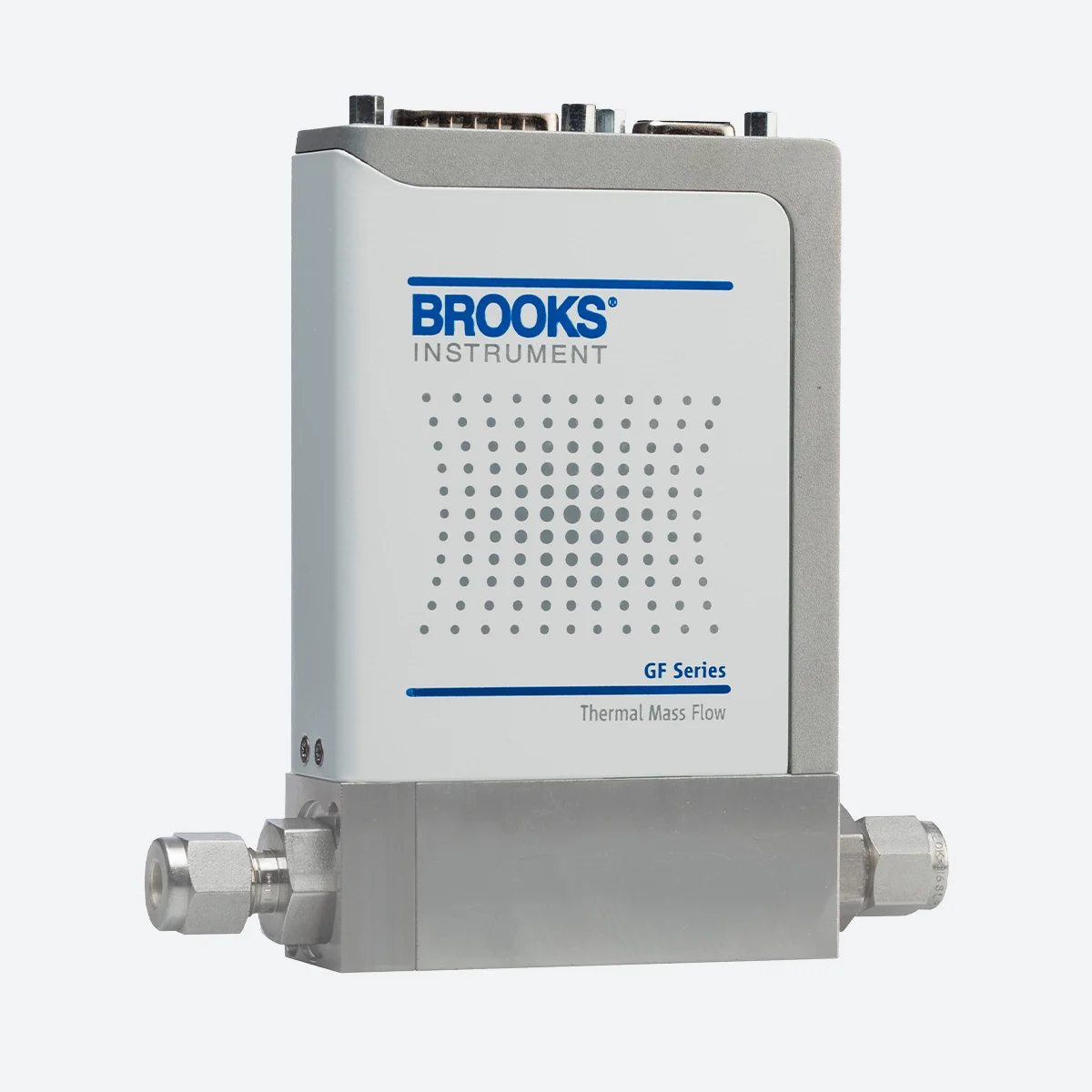 Gf40new doc11067 brooks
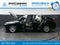 2022 Hyundai Accent SEL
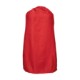 Adult Satin Superhero Cape - Direct Import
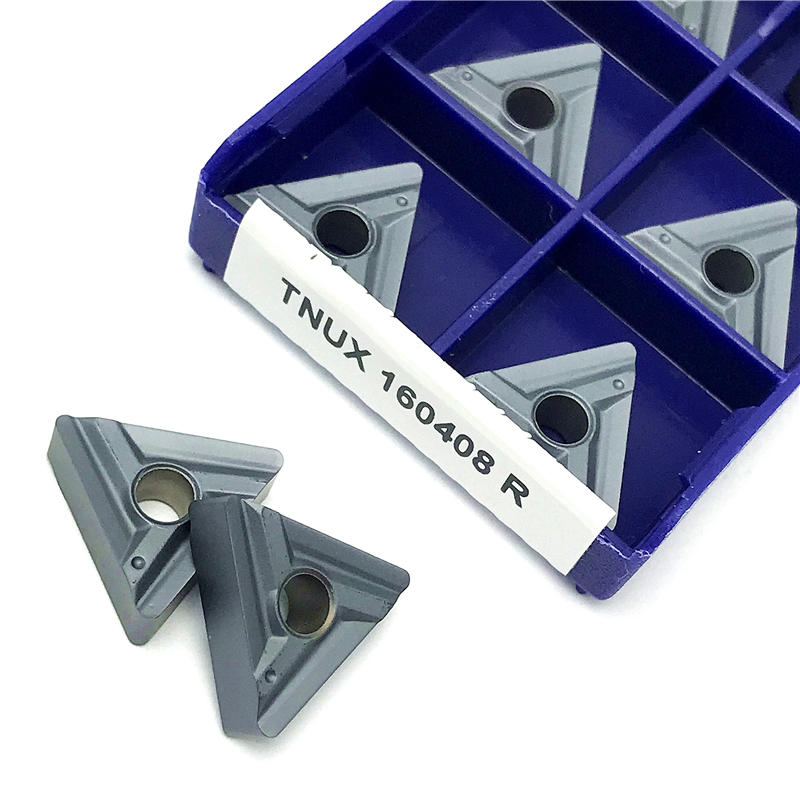 Tnux160404r tnux160408r lt10 h – Parting Tool Lathe Bewertung und Preis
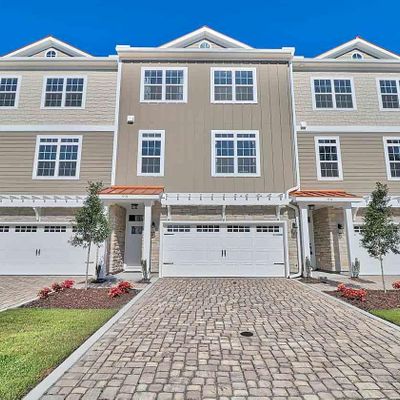 Tbd3 Mollusk Ct., Murrells Inlet, SC 29576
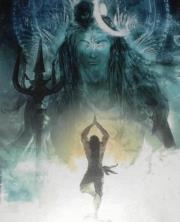 Rahul Patyal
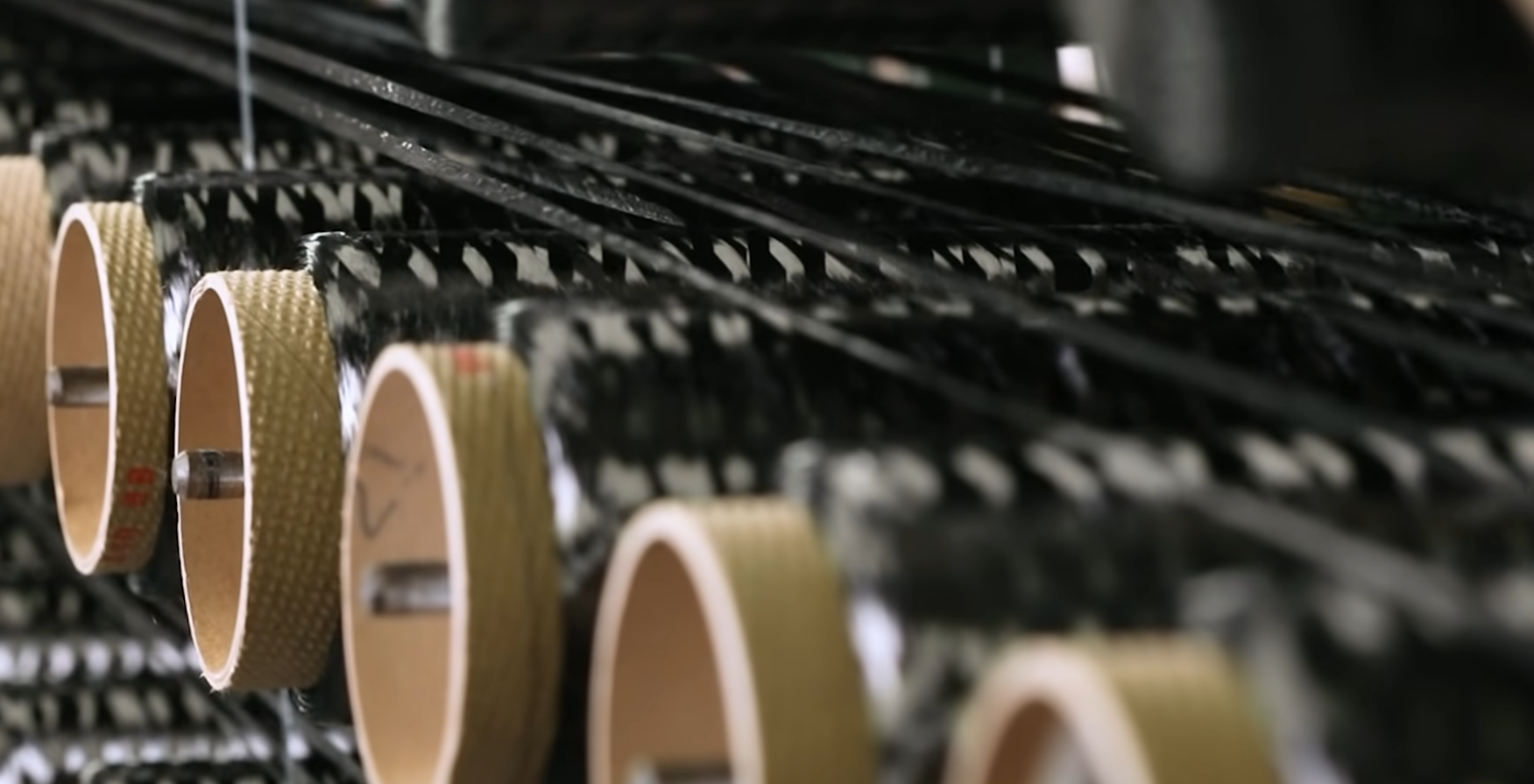 Is Carbon Fiber a Conductor? ElectronicsHacks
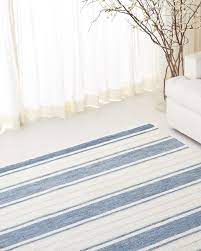 ralph lauren rugs style au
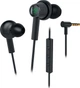 Наушники Razer Hammerhead Duo (RZ12-02790200-R3M1) - изображение 1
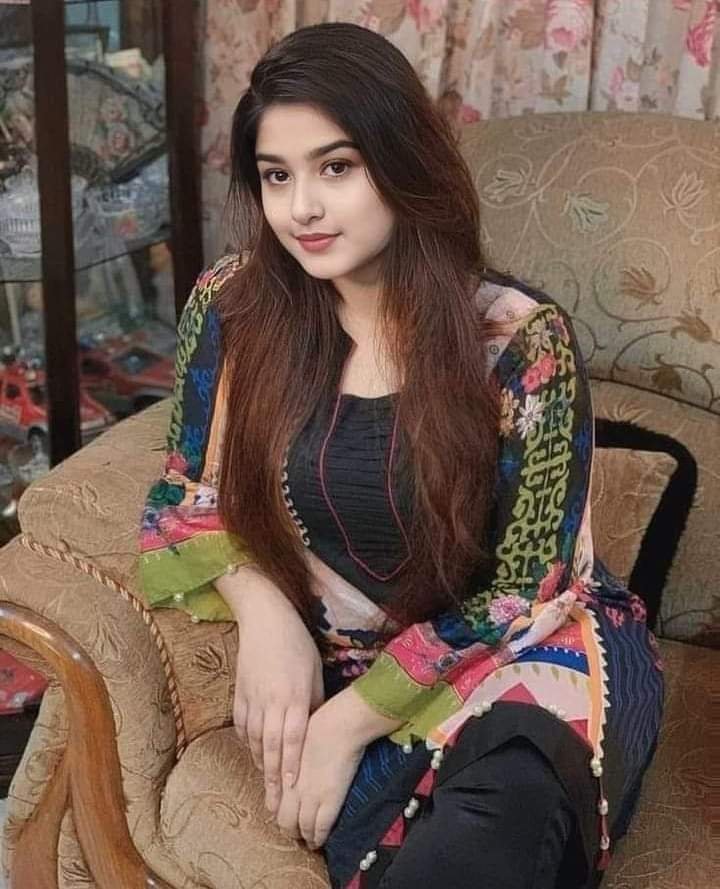 Luxury escort Islamabad exclusive meeting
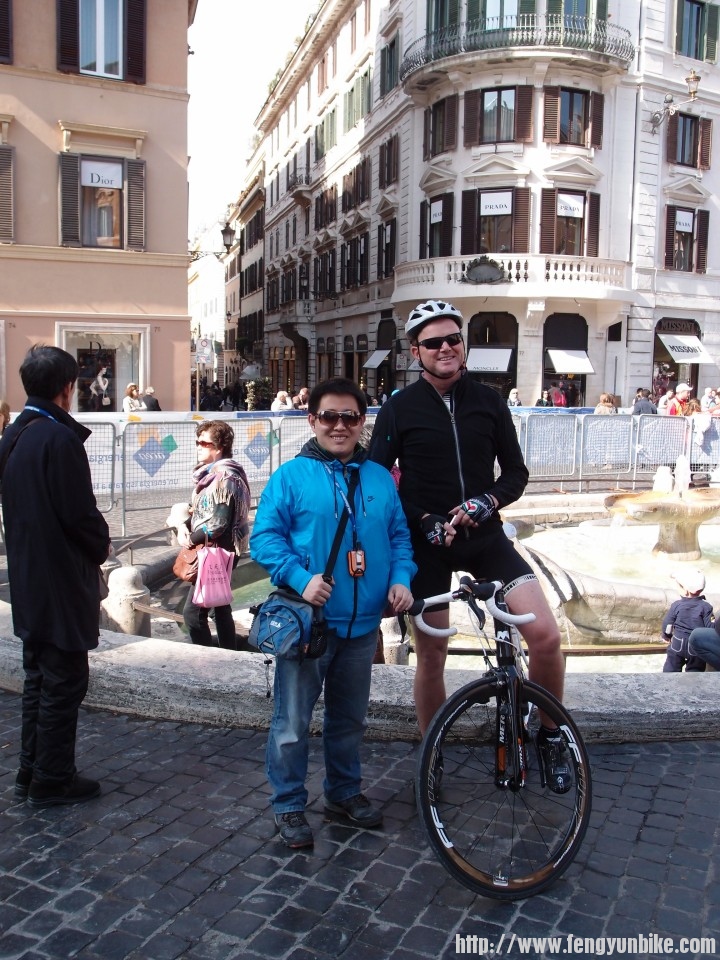 conew_20120319欧洲行 3109.jpg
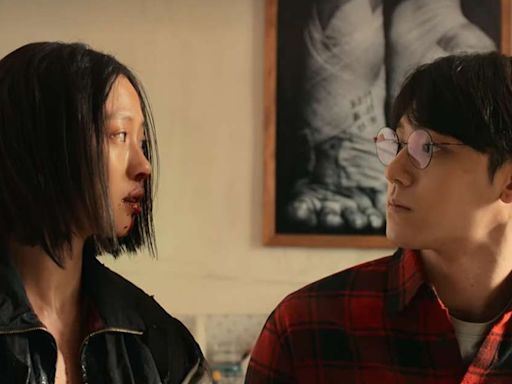 'Sweet Home' Season 3 Ending Explained: What happens to Lee Eun-yu? Lee Eun-hyuk's visions prove one theory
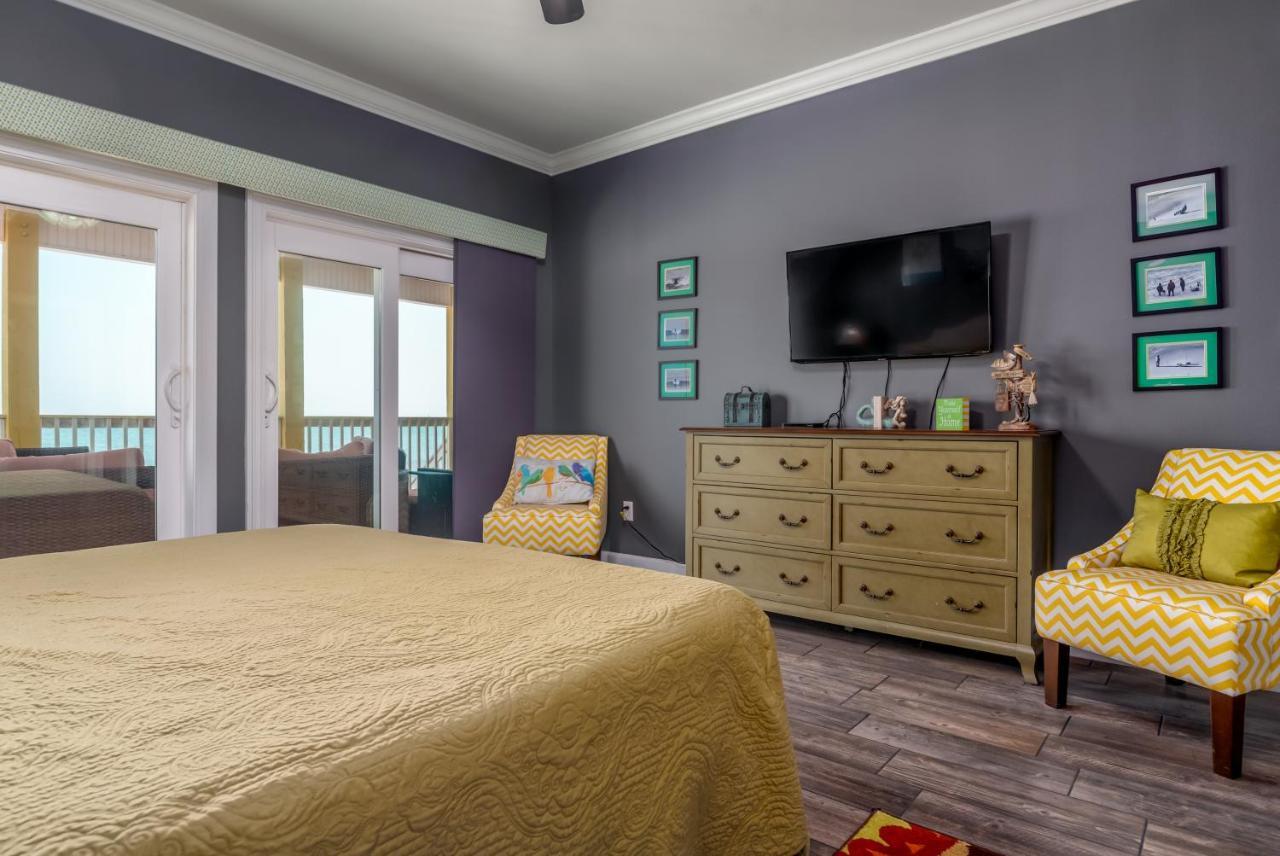 Annie'S Dream Dauphin Island Exterior foto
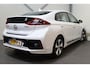 Hyundai Ioniq Comfort Electric | RIJKLAARPRIJS! |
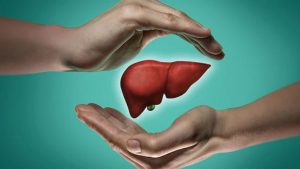 Liver Health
• • • • •
* **Problem details**: Exercise for the records above: copy only the lines from the one with "Rahul Patyal" to the one with "conew_20120319欧洲行 3109.jpg", both ends kept, and drop the pictures.

* **Result of the task**:
 Rahul Patyal
 Is Carbon Fiber a Conductor? ElectronicsHacks
 ralph lauren rugs style au
 Наушники Razer Hammerhead Duo (RZ12-02790200-R3M1) - изображение 1
 Luxury escort Islamabad exclusive meeting
 conew_20120319欧洲行 3109.jpg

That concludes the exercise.